Let $W$ be a one dimensional standard Brownian motion, and $\sigma: [0, \infty) \to \mathbb R$ a Borel function with $c < \sigma < C$ for some constants $c, C > 0$.
Does there exist some $M > 0$ such that, conditional on $W_t > -1$ for all $0 \leq t \leq 1$ and $W_1 > M$,
$\int_0^1 \sigma(t) \, dW_t \geq 0$, almost surely?
Remark: The statement would be true if the integrator had uniformly bounded variation, but I suspect it does not hold for Brownian motion which has unbounded variation.
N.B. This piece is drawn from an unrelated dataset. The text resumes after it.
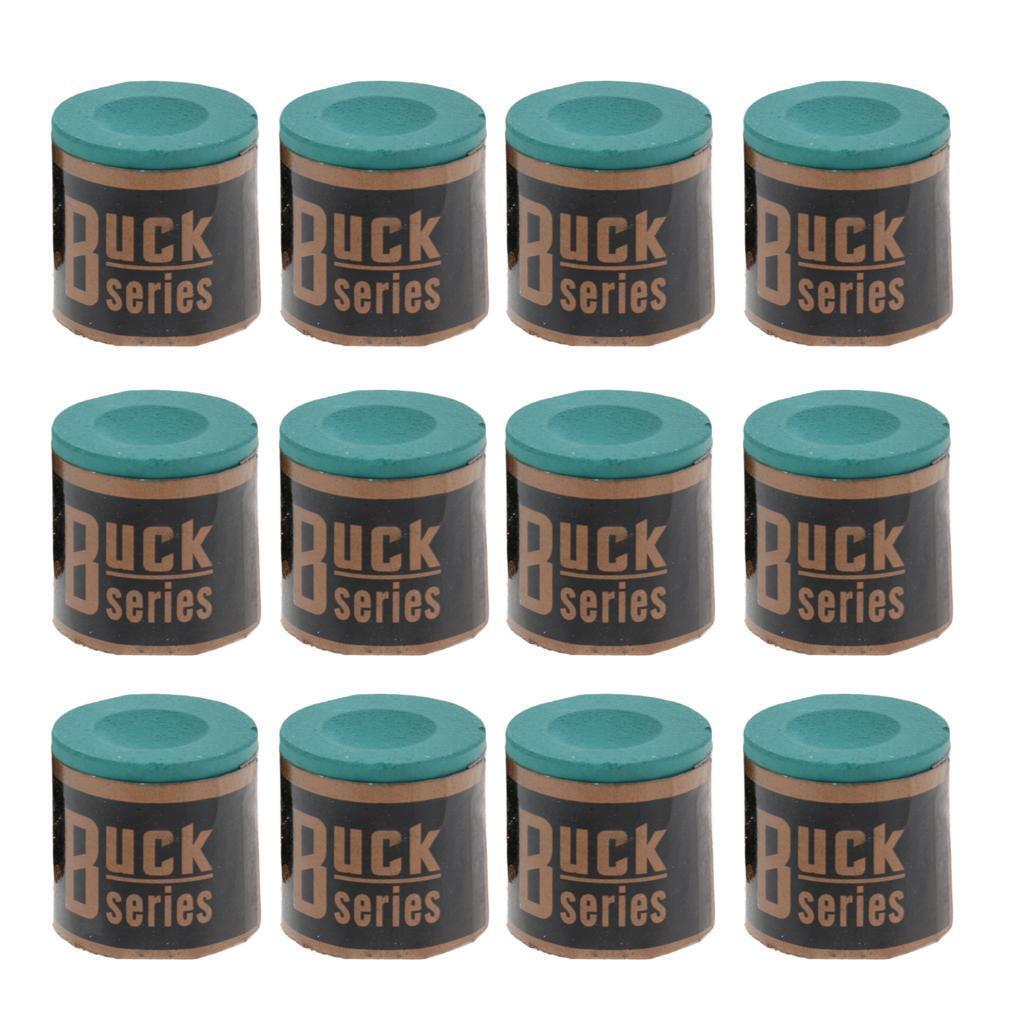 Premium 12 Pieces/Pack Snooker Pool Cue Tip Chalk Billiard Accessories Green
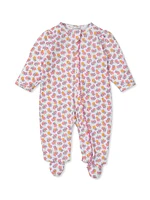 Baby Girl's Floral Cotton Footie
No such $M$ exists for the following $\sigma$. Partition $[0,1]$ into countably many intervals, with endpoints $t_0=0,t_1,t_2,...$ and let $\sigma$ take value 1 on the odd ones and value 2 on the even ones. Given any $M$, the following event $A_M$ has positive probability:
$A_M$ requires that the increments $W_{t_k}-W_{t_{k-1}}$ are in $(9,10)$ for the first $M$ odd values of $k$, and in $(-6,-7)$ for the first $M$ even values of $k$, with $W_t-W_{t_{k-1}}>-1$ for $t \in [t_{k-1},t_k]$ when $0<k<2M$.
Then given $A_M$, we have $W_{t_{2M}}>2M$, so the event $W_1>M$ holds with high probability, yet on $A_M$, the stochastic integral considered is $<-2M$ if you integrate up to $t_{2M}$, and the integral over $[t_{2M},1]$ is likely to be $<2M$.